TASK DATA section start
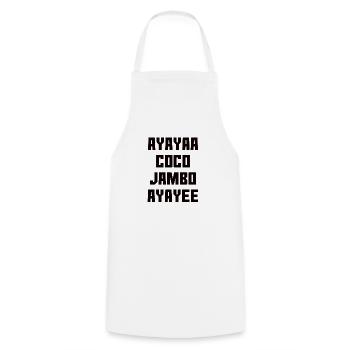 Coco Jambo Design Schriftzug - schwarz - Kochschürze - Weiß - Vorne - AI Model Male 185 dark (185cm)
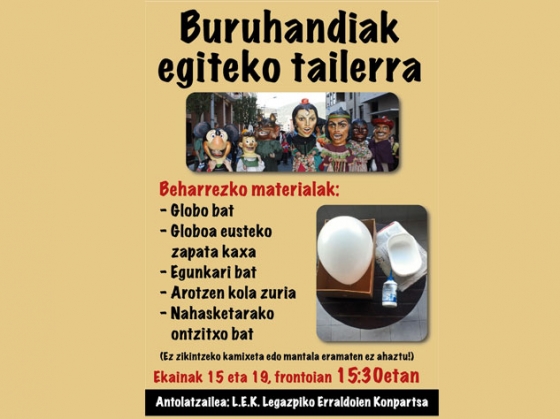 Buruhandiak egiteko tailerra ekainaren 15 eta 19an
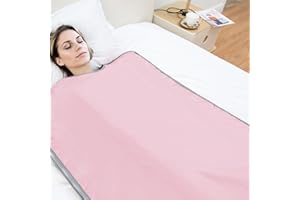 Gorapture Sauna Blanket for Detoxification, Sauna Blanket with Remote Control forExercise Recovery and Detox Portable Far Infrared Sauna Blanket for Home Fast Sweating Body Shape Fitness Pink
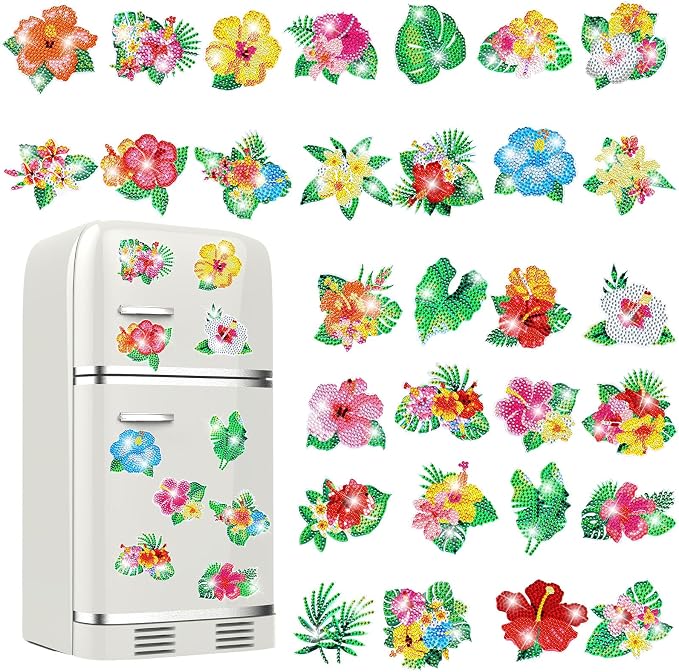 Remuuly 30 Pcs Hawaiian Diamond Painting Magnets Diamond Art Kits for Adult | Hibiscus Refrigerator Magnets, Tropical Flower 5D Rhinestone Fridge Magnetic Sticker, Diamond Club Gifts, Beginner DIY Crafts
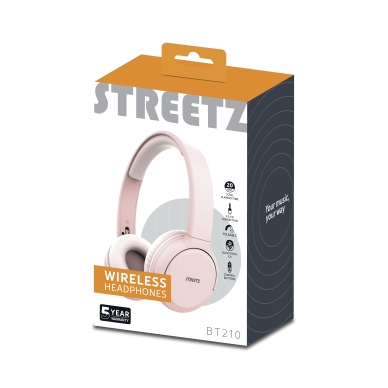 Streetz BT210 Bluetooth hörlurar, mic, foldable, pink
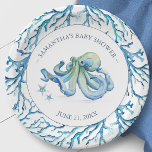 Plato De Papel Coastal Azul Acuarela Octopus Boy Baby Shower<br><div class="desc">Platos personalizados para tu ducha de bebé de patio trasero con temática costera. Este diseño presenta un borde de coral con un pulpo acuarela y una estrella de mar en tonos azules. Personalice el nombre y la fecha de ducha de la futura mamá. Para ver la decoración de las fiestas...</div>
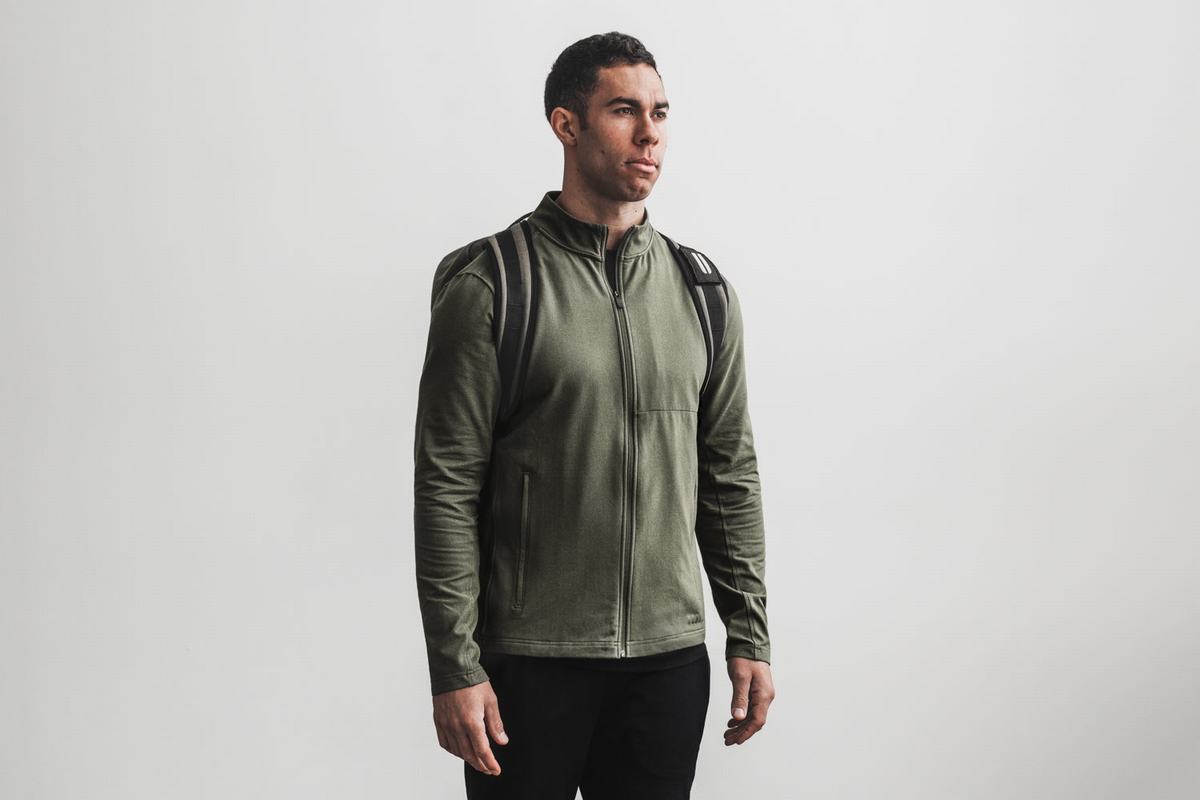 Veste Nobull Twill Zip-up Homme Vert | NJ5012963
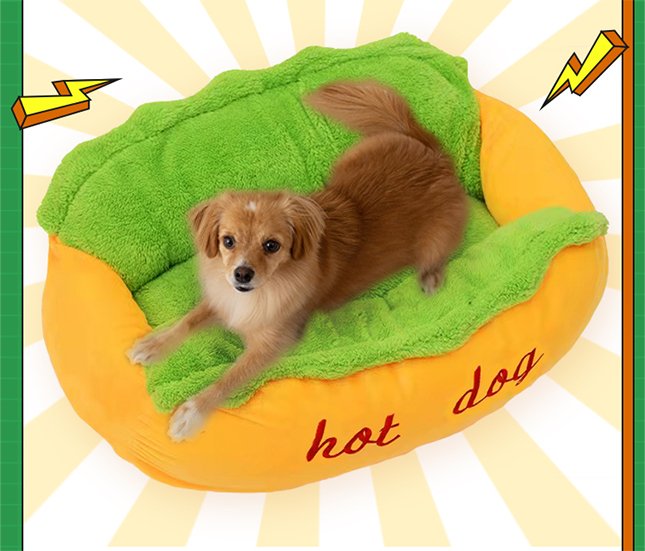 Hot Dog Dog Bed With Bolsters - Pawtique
TASK DATA section end
Leaving each picture behind, please give again exactly the lines above from the one with "Buruhandiak egiteko tailerra" through the one with "Streetz BT210 Bluetooth", both included, and no others.

**RESPONSE TO THIS EXERCISE**
 Buruhandiak egiteko tailerra ekainaren 15 eta 19an
 Gorapture Sauna Blanket for Detoxification, Sauna Blanket with Remote Control forExercise Recovery and Detox Portable Far Infrared Sauna Blanket for Home Fast Sweating Body Shape Fitness Pink
 Remuuly 30 Pcs Hawaiian Diamond Painting Magnets Diamond Art Kits for Adult | Hibiscus Refrigerator Magnets, Tropical Flower 5D Rhinestone Fridge Magnetic Sticker, Diamond Club Gifts, Beginner DIY Crafts
 Streetz BT210 Bluetooth hörlurar, mic, foldable, pink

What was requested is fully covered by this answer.